--- Material for this exercise Enclosed Below ---

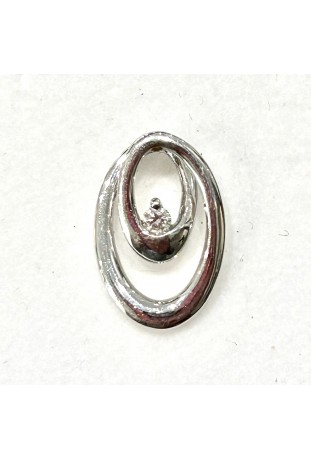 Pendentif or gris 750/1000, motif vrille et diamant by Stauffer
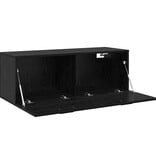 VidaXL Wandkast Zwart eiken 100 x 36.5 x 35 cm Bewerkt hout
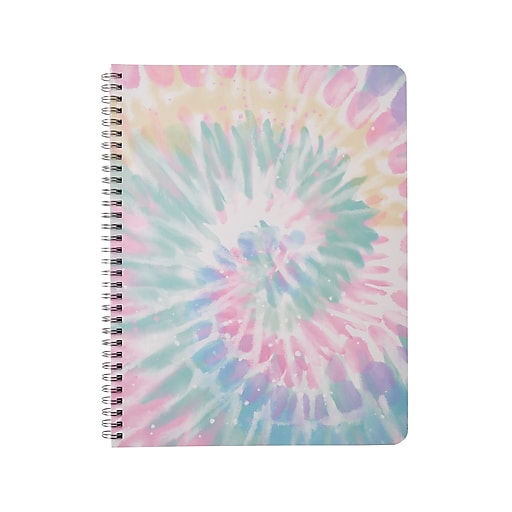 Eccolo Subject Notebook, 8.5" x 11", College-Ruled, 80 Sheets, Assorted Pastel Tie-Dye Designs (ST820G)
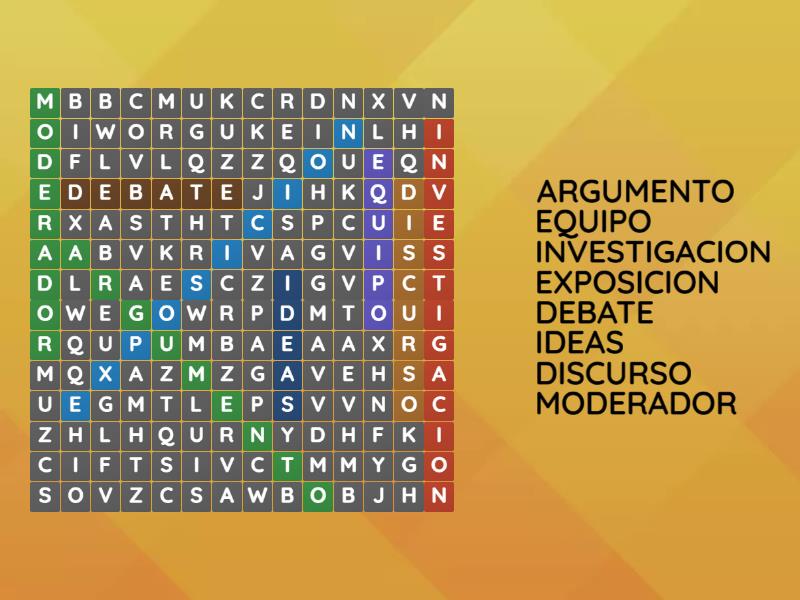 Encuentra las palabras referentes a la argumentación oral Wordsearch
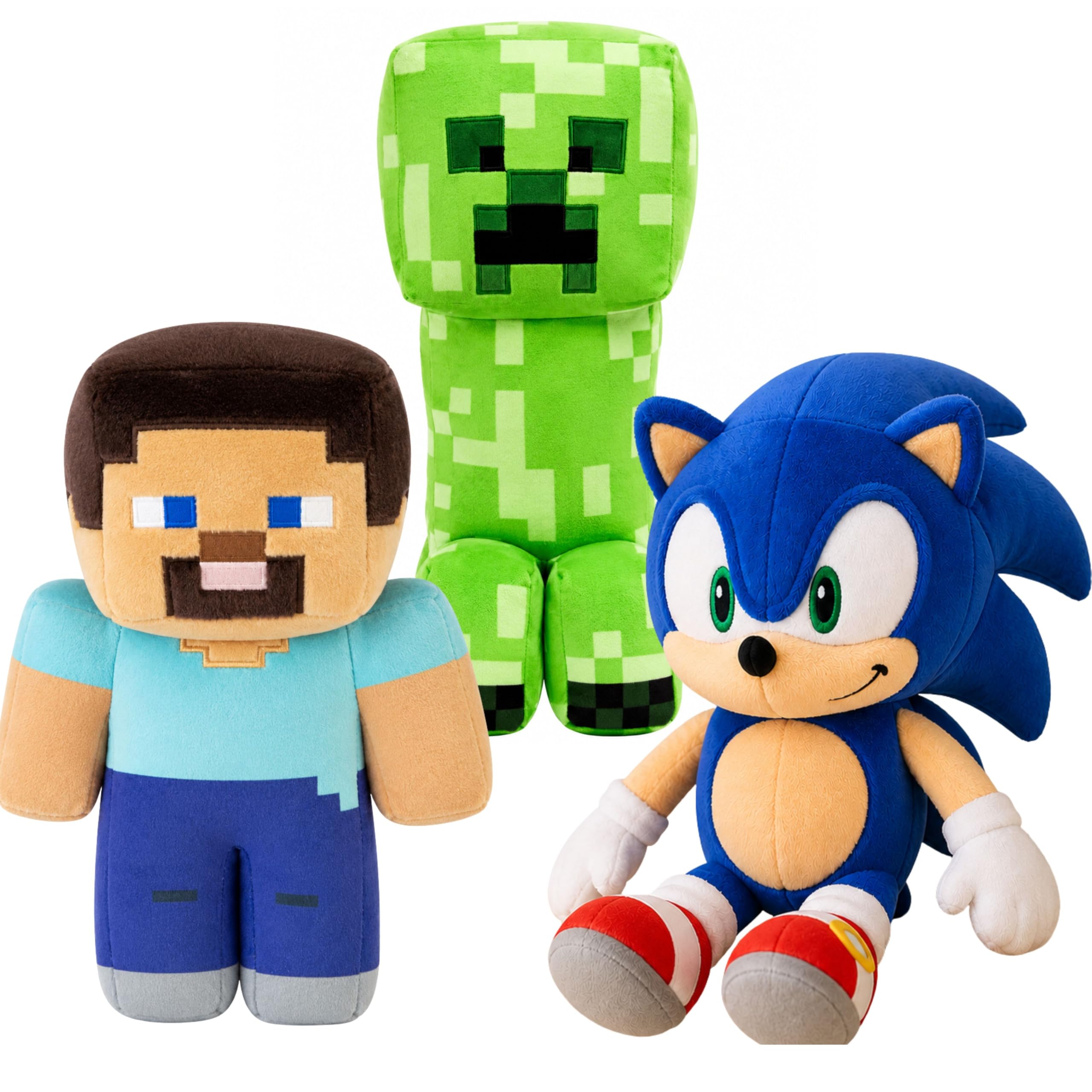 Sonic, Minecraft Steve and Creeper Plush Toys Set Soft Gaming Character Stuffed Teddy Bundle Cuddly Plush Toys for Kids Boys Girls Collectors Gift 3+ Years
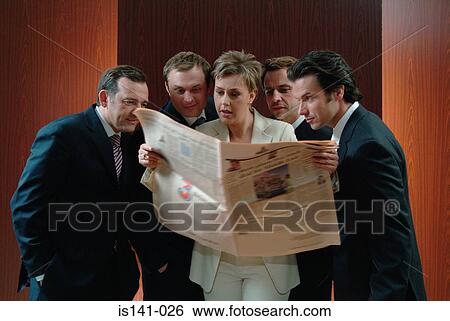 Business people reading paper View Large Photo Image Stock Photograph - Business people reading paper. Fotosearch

--- End of Enclosed Material for this exercise ---

Brief —
All records, pictures excluded: copy them exactly.

Expected output —
 Pendentif or gris 750/1000, motif vrille et diamant by Stauffer
 VidaXL Wandkast Zwart eiken 100 x 36.5 x 35 cm Bewerkt hout
 Eccolo Subject Notebook, 8.5" x 11", College-Ruled, 80 Sheets, Assorted Pastel Tie-Dye Designs (ST820G)
 Encuentra las palabras referentes a la argumentación oral Wordsearch
 Sonic, Minecraft Steve and Creeper Plush Toys Set Soft Gaming Character Stuffed Teddy Bundle Cuddly Plush Toys for Kids Boys Girls Collectors Gift 3+ Years
 Business people reading paper View Large Photo Image Stock Photograph - Business people reading paper. Fotosearch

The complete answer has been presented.